- [BRIEF]
Starting with the line that includes "Tilly Laune Höhlen, in", write out every remaining line of the records below exactly as it appears, leaving out any images.

- [RECORDS]
+++++

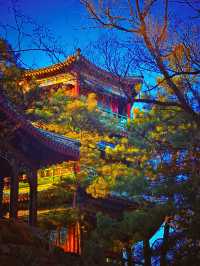 皇家禮遇與雪原牧歌的奇遇記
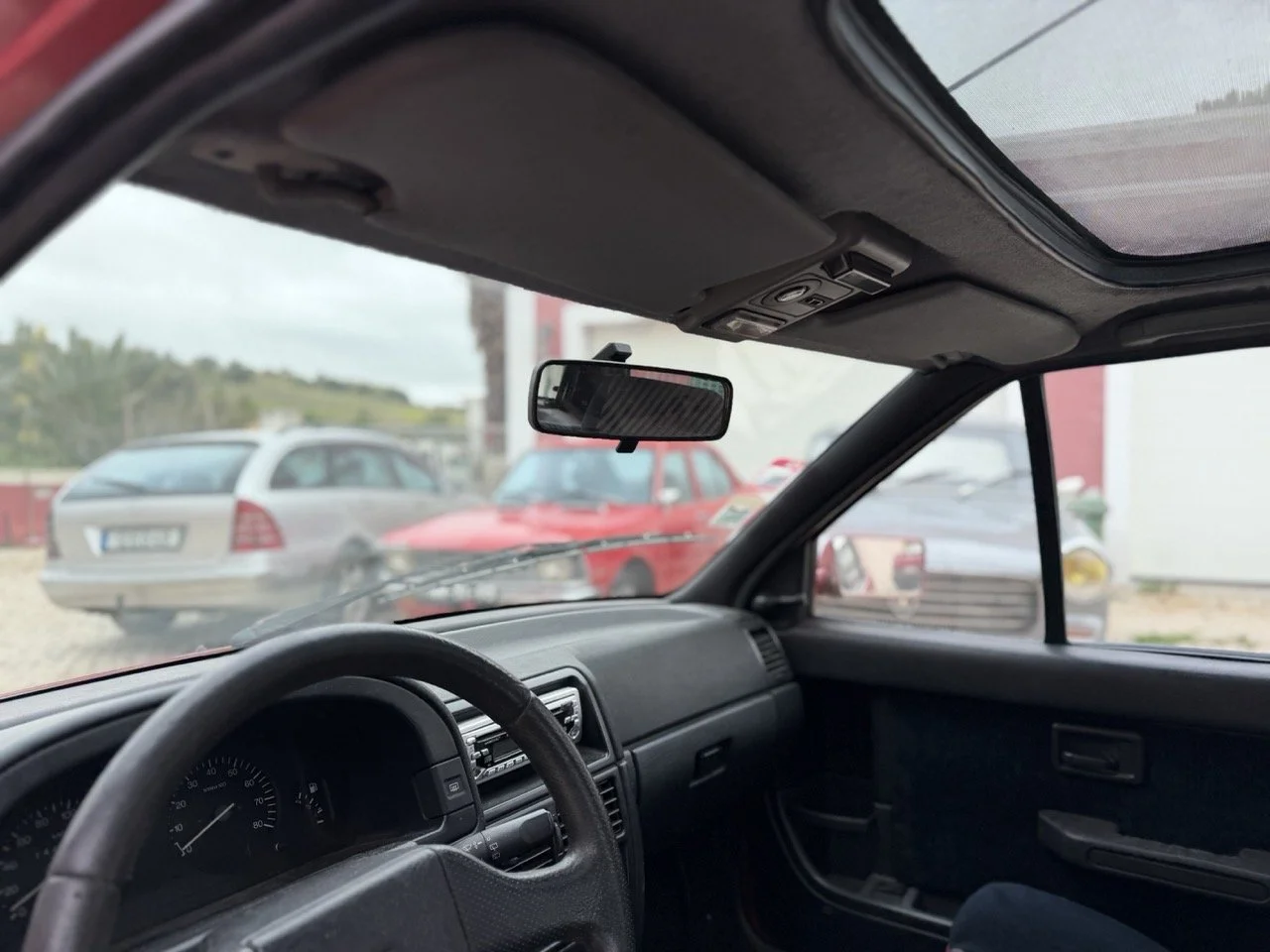 IMG_3579 – grande.jpeg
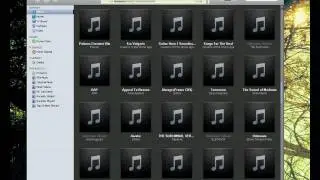 Ubuntu-iTunes9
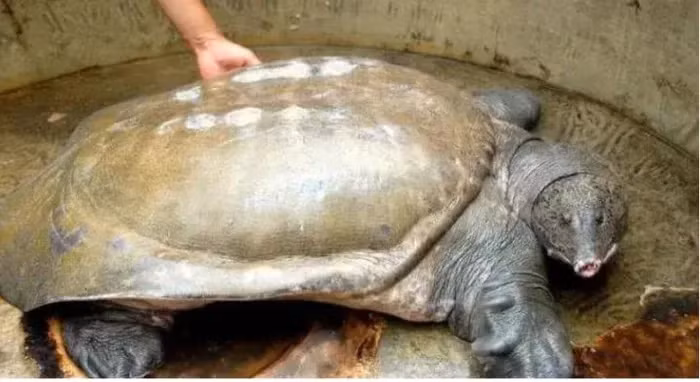 Sau khi kiểm định kỹ càng, các chuyên gia đã xác định “con ba ba” là món đồ bằng đồng cổ. Tuổi đời của nó ít nhất là 3.000 năm tuổi, có giá hơn 6.000 tỷ đồng.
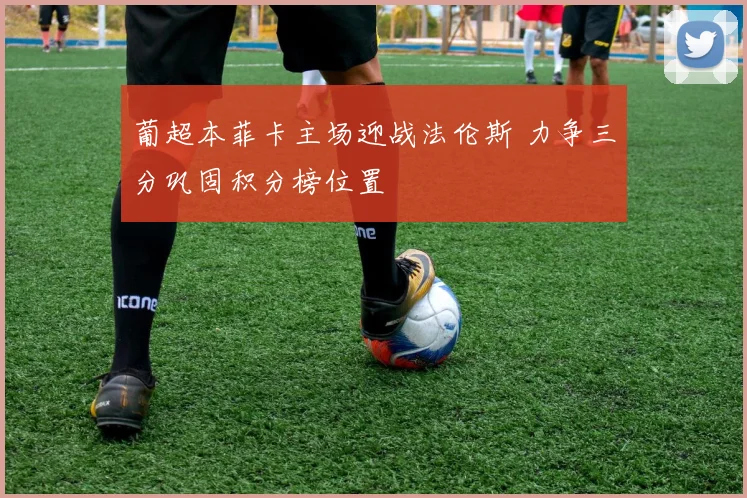 葡超本菲卡主场迎战法伦斯 力争三分巩固积分榜位置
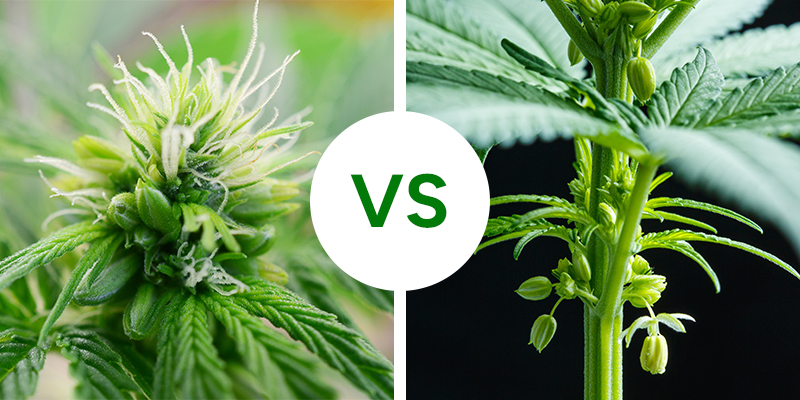 Hermafrodit vs han-cannabisplanter: Vigtigste forskelle Hermafrodit vs han-cannabisplanter: Vigtigste forskelle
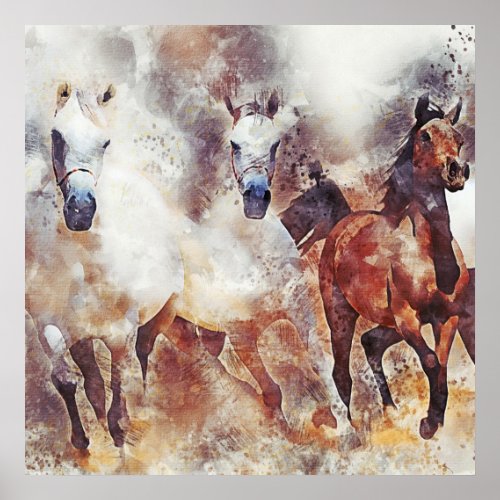 Amazing white and bay horses in a gallop poster
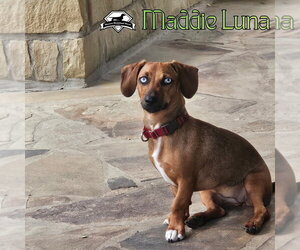 Maddie Luna - Female Dachshund Dog for Adoption - Photo #9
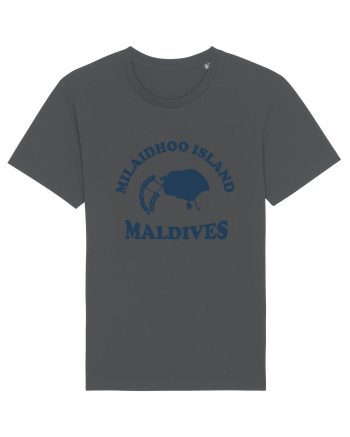 Milaidhoo Island Maldives Anthracite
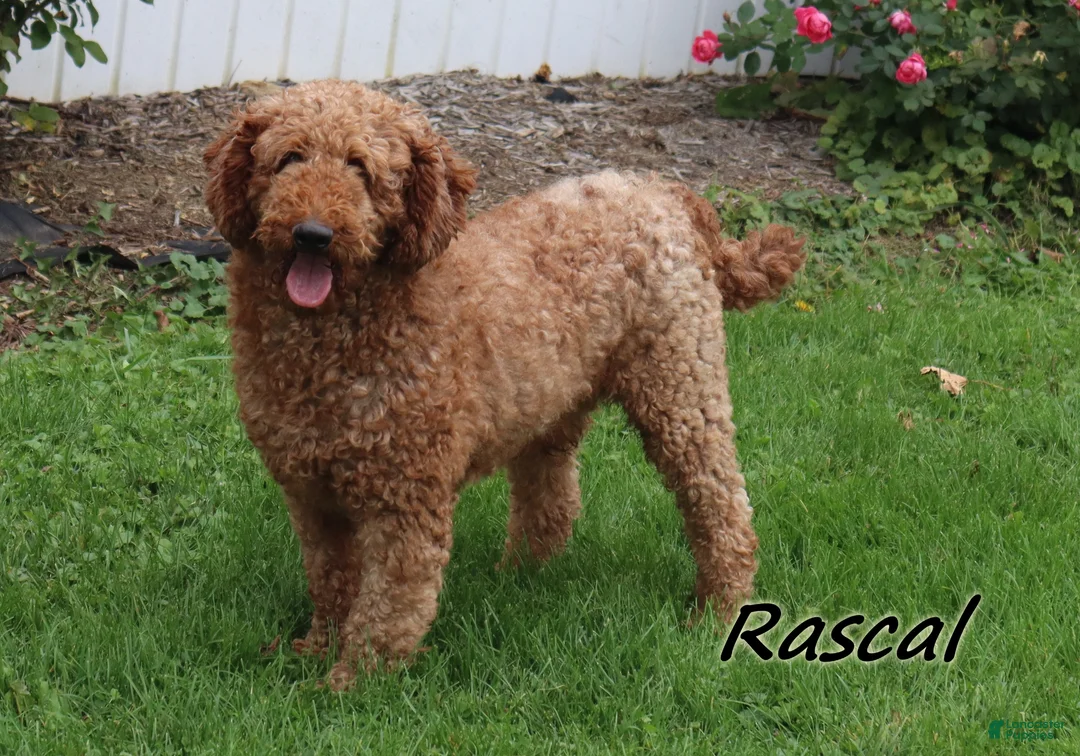 Mini Goldendoodle dogs for sale: Teddy - Ad 5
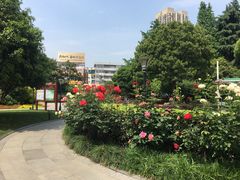 -常州古运河南大街文化旅游区-人民公园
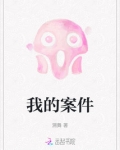 我的案件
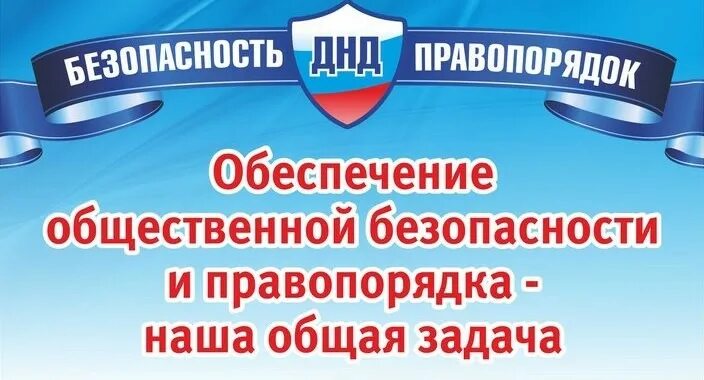 День добровольной народной дружины. ДНД добровольная народная дружина. День народной дружины. Добровольная народная дружина картинки. День добровольных народных дружин.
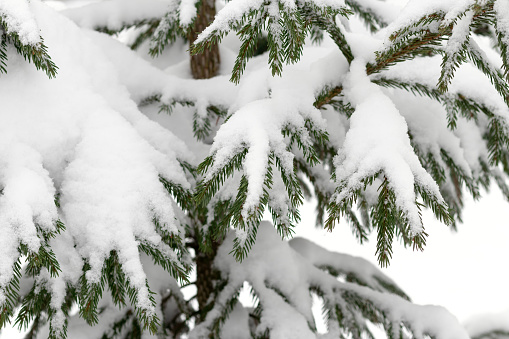 Snow covered branches of pine tree. Evergreen fir trees cloaked in frost, forest scene. Coniferous close-up adorned with ice. Snow-blanketed spruce branches, landscape into a winter wonderland. Nature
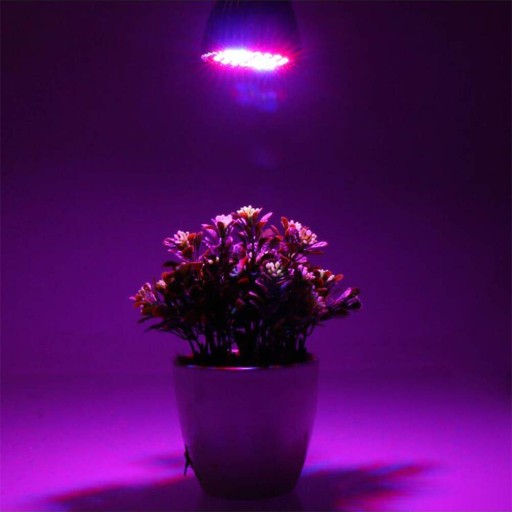 LED GROW ŽIAROVKA NA PESTOVANIE RASTLÍN 5W E27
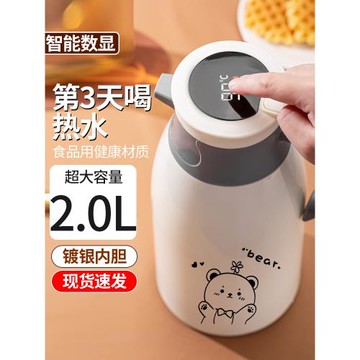 保溫水壺家用開水壺熱水瓶玻璃內膽暖水壺大容量保溫壺便攜保溫瓶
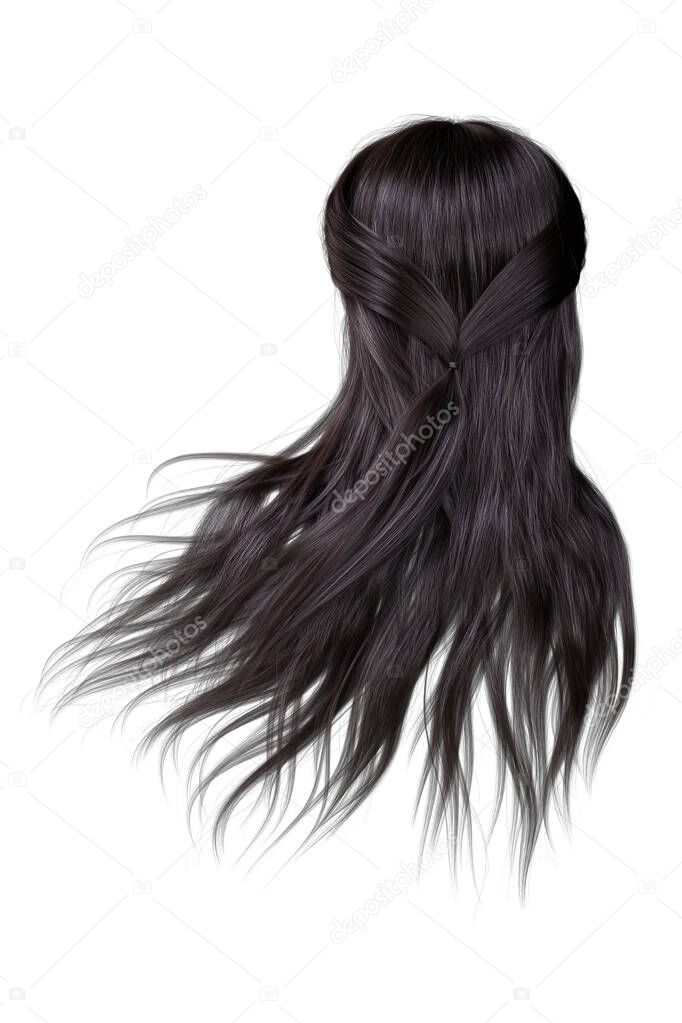 3d render, 3d illustration, fantasy dark brown hair back view on isolated white background
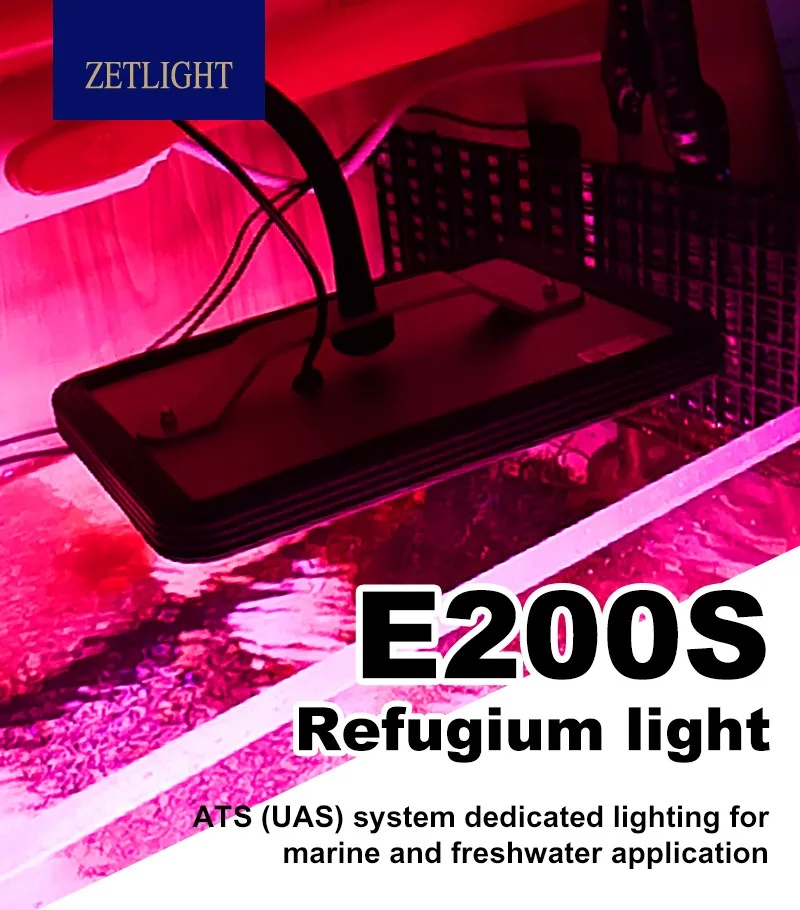 Zetlight E200S WiFi Algae Refugium LED Light – Macroalgae Growth System - Image 13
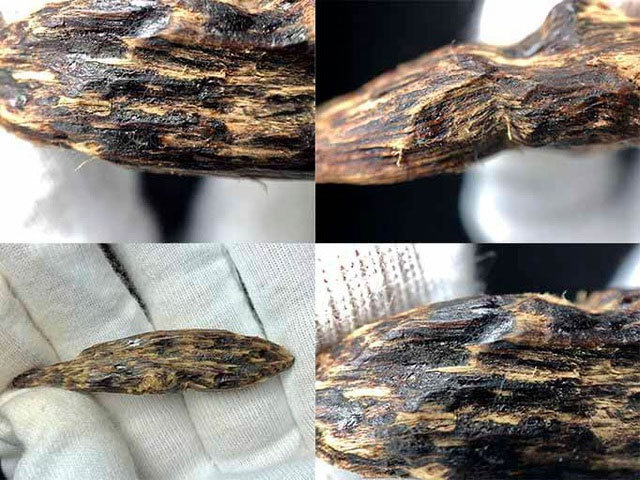 Hình chụp sắc nét khối trầm hương chìm nước. Thớ dầu đen và nhiễm phần lớn khối gỗ.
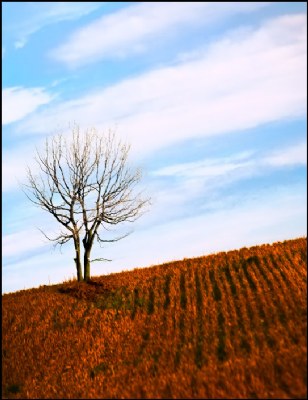 Tree in the sun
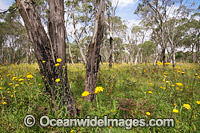 A field of Paper Flowers in a Eucalypt forest. Guy Fawkes River Nature Reserve, near Ebor, on Waterfall Way in the New England Tablelands, New South Wales, Australia.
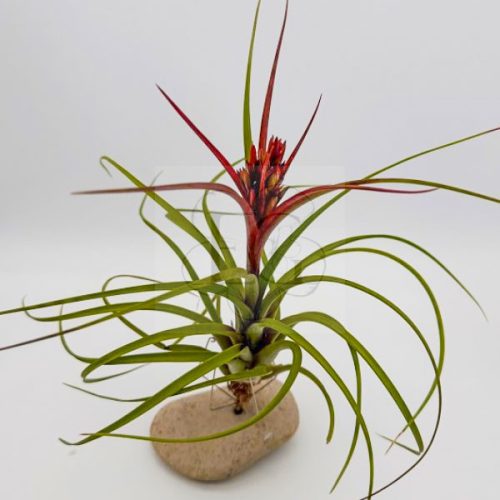 Tillandsia Hybrid Blood Red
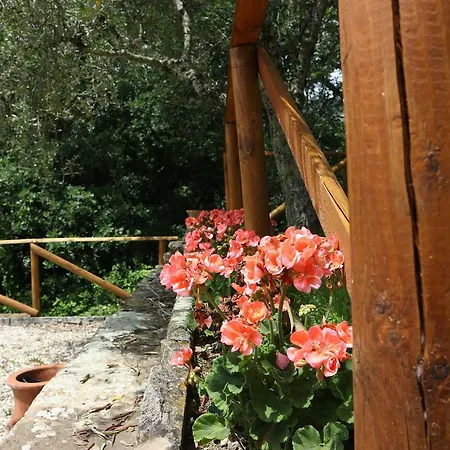 Casa vacanze Agriturismo Tecognano *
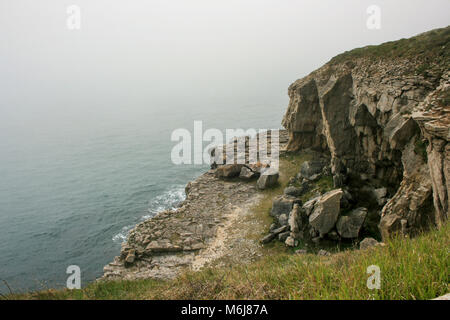 Tilly Laune Höhlen, in der Nähe von Anvil Point Lighthouse Tag und Durlston Schloss, Durlston Country Park, Swanage, Dorset, Großbritannien Stockfoto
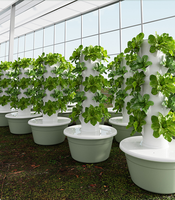 Tour Aérophonique, Système de Culture Vertical Hydroponique pour Légumes d'Intérieur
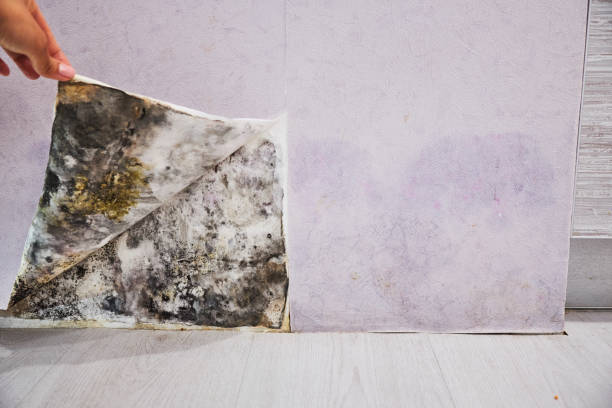 Best Mold Testing  in Crandon Lakes, NJ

+++++

- [TASK ANSWER]
 Tilly Laune Höhlen, in der Nähe von Anvil Point Lighthouse Tag und Durlston Schloss, Durlston Country Park, Swanage, Dorset, Großbritannien Stockfoto
 Tour Aérophonique, Système de Culture Vertical Hydroponique pour Légumes d'Intérieur
 Best Mold Testing  in Crandon Lakes, NJ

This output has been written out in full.